We report this prominently by design. A tool that claimed "anonymized β safe to upload" would be the dangerous one. CONFIDE's value is the opposite: it shows exactly how much re-identification surface remains, so a clinician can decide β with the client β whether a given session may leave the room at all.
What this is β and is NOT
Not a HIPAA/GDPR compliance certificate. Types map loosely to Safe-Harbor / GDPR identifier concepts, but the mapping is illustrative, not legal certification. The one real-text exception in the data is the external RU-real (JayGuard) slice β anonymized, non-clinical, public Russian text under an Apache-2.0 licence. Samples are small, so per-type numbers are directional.

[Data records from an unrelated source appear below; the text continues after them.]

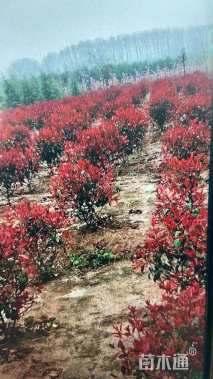 冠幅235厘米红叶石楠球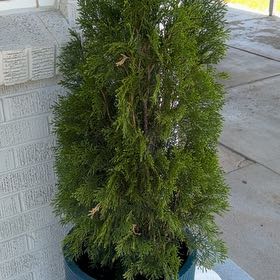 Photo of the plant species Arborvitae by @SweetCatnip46 named Fernie Saunders on Greg, the plant care app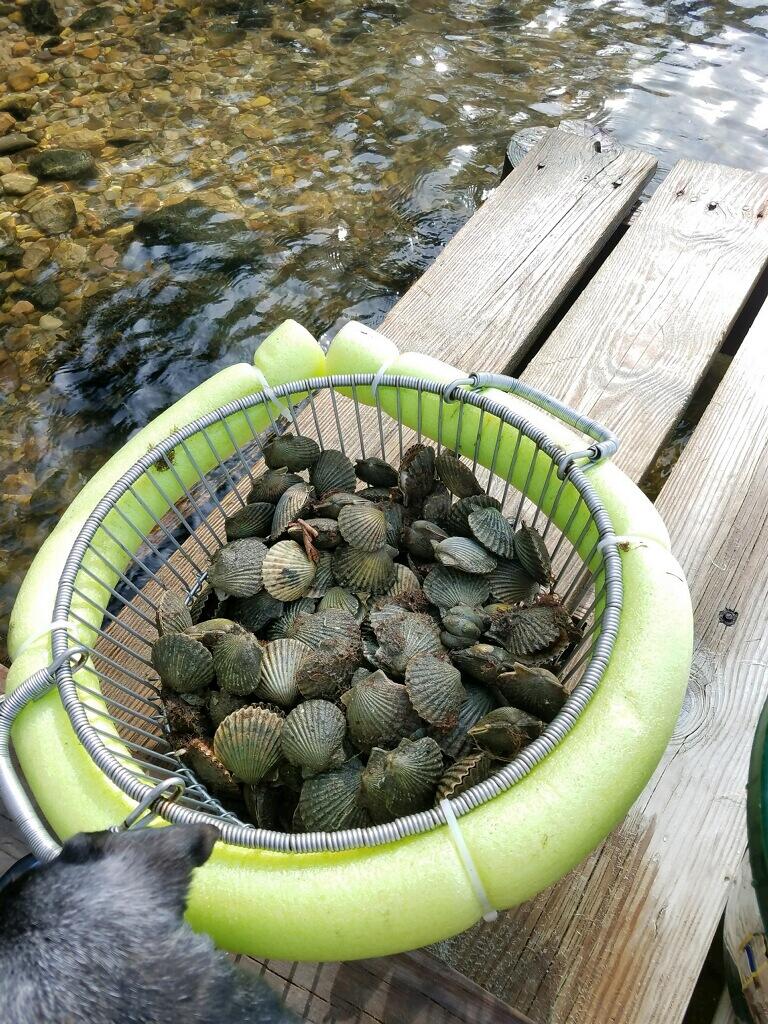 0 Worcester Avenue Oak Bluffs, MA 02557 - Photo 4 of 8 bushell of scallops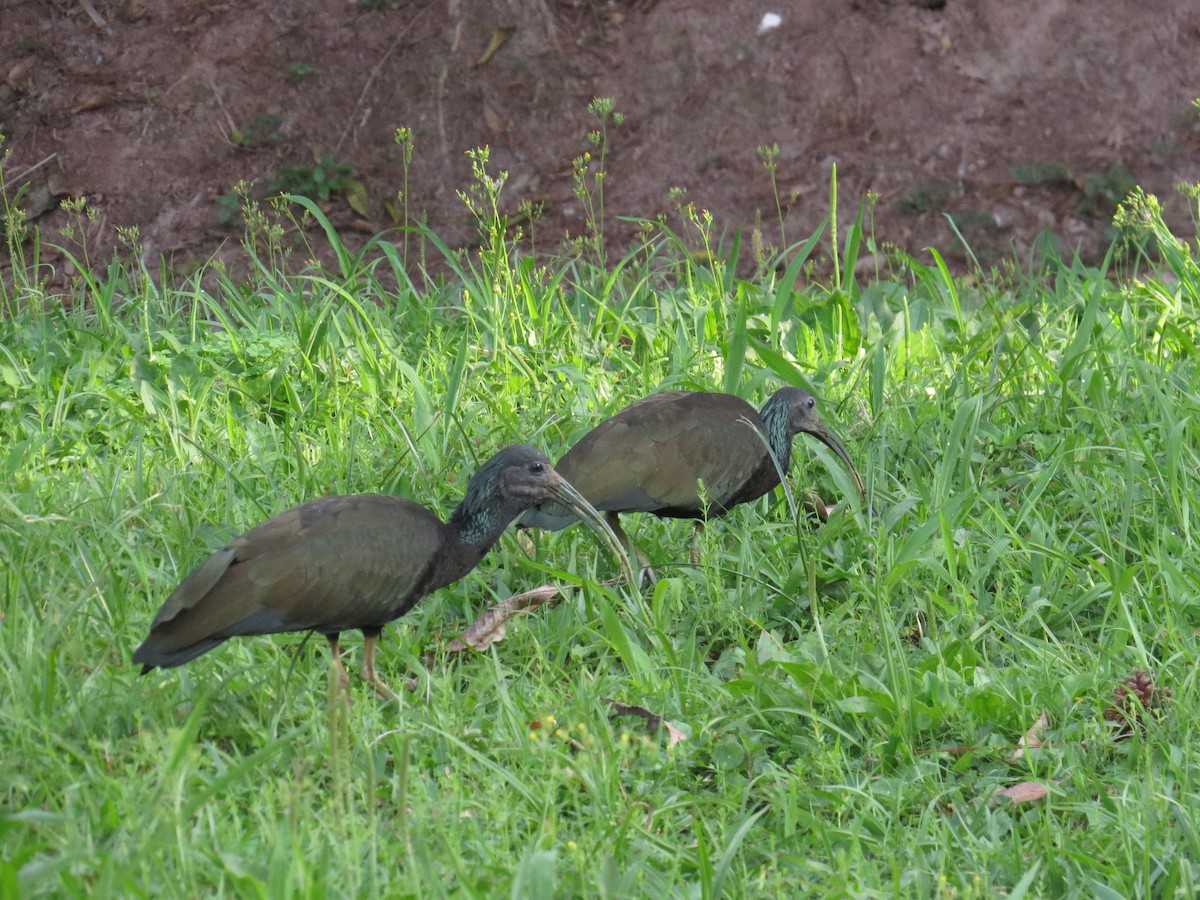 Ibis vert - ML643061369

Gold labels are currently located from curated answer-keys and hand-verified β a planted-signal recovery eval, not yet independently annotated. That is exactly why multi-annotator labelling is the project's most-wanted contribution.
Who & where
CONFIDE is built by Gleb Kalinin and contributors, for the Psychodemia 2026 masterclass. The tooling, gold, and the full datasheet are released openly so others can build safer mental-health AI.
Built on the de-identification and re-identification literature β TAB (PilΓ‘n et al. 2022), i2b2/n2c2, Microsoft Presidio-research, Staab et al. on LLM inference attacks, and the Datasheets for Datasets / Data Statements documentation standards. Full credits are in the report references.